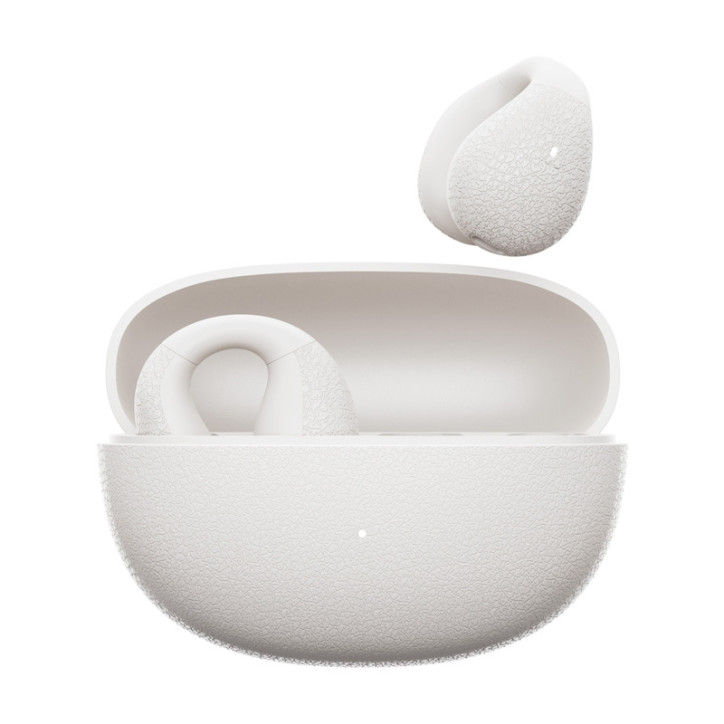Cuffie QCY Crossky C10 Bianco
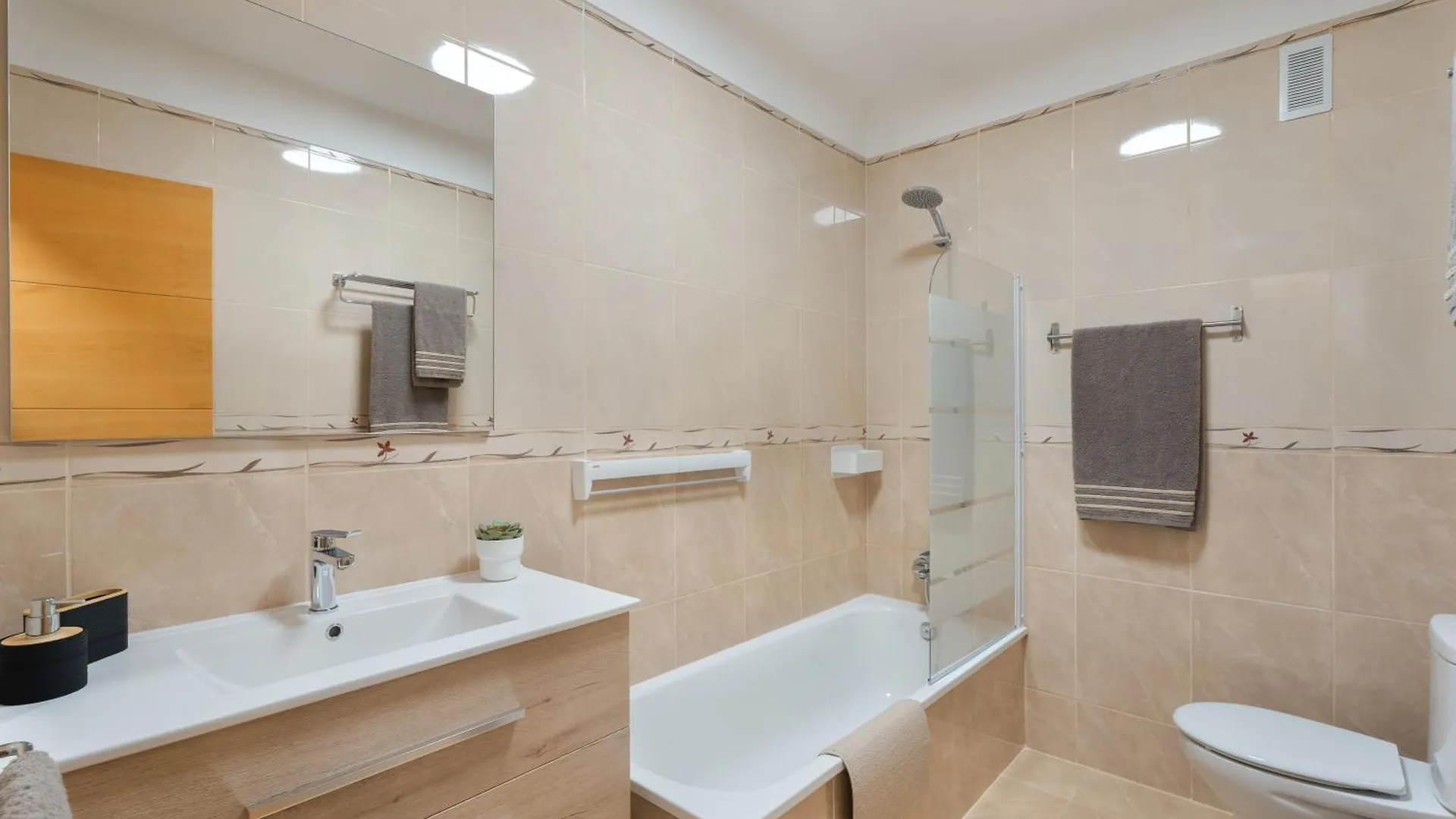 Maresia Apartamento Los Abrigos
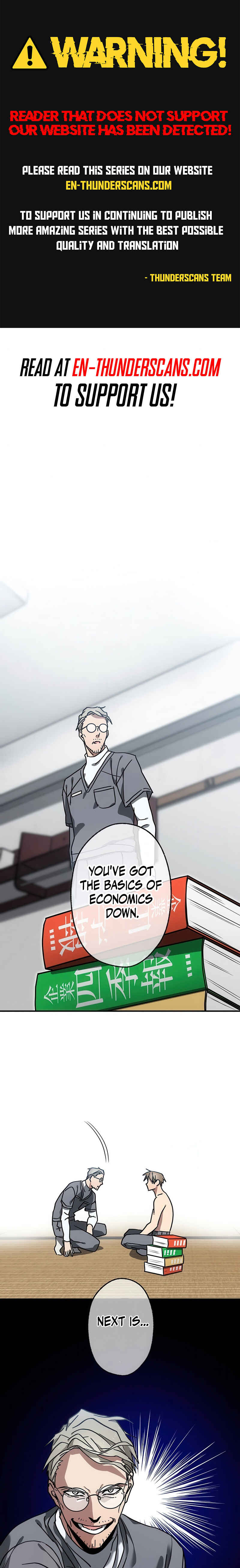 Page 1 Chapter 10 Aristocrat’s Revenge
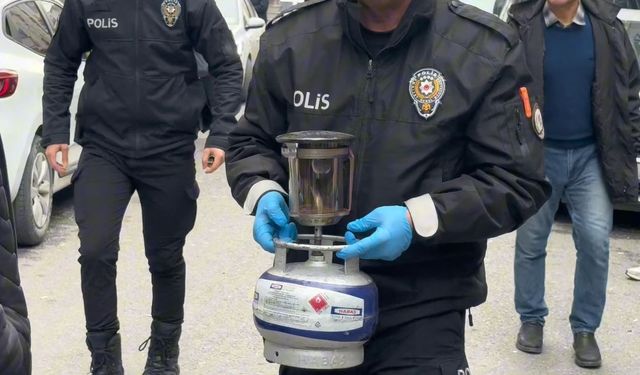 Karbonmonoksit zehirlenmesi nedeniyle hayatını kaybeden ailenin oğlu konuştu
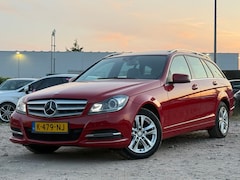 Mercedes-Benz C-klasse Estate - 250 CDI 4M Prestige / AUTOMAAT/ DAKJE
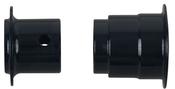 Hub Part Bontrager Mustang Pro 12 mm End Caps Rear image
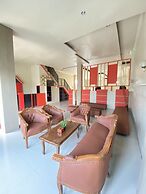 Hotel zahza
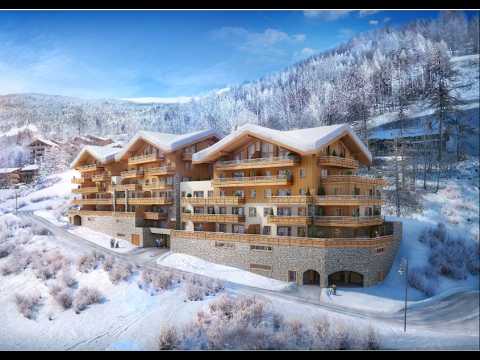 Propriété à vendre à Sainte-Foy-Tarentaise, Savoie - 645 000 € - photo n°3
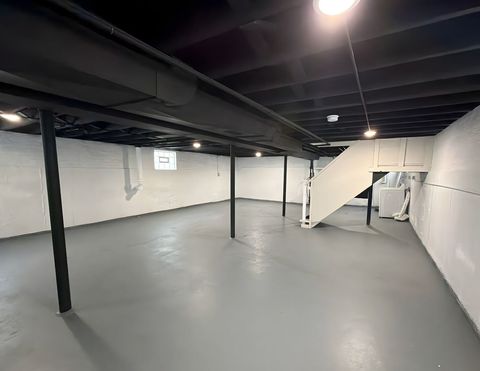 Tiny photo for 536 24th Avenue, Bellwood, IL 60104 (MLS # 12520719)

▸ **INSTRUCTIONS FOR THE TASK**: When you copy the listing, keep every line exactly as it is but leave out all images.

▸ **RESPONSE**:
Cuffie QCY Crossky C10 Bianco
 Maresia Apartamento Los Abrigos
 Page 1 Chapter 10 Aristocrat’s Revenge
 Karbonmonoksit zehirlenmesi nedeniyle hayatını kaybeden ailenin oğlu konuştu
 Mercedes-Benz C-klasse Estate - 250 CDI 4M Prestige / AUTOMAAT/ DAKJE
 Hub Part Bontrager Mustang Pro 12 mm End Caps Rear image
 Hotel zahza
 Propriété à vendre à Sainte-Foy-Tarentaise, Savoie - 645 000 € - photo n°3
 Tiny photo for 536 24th Avenue, Bellwood, IL 60104 (MLS # 12520719)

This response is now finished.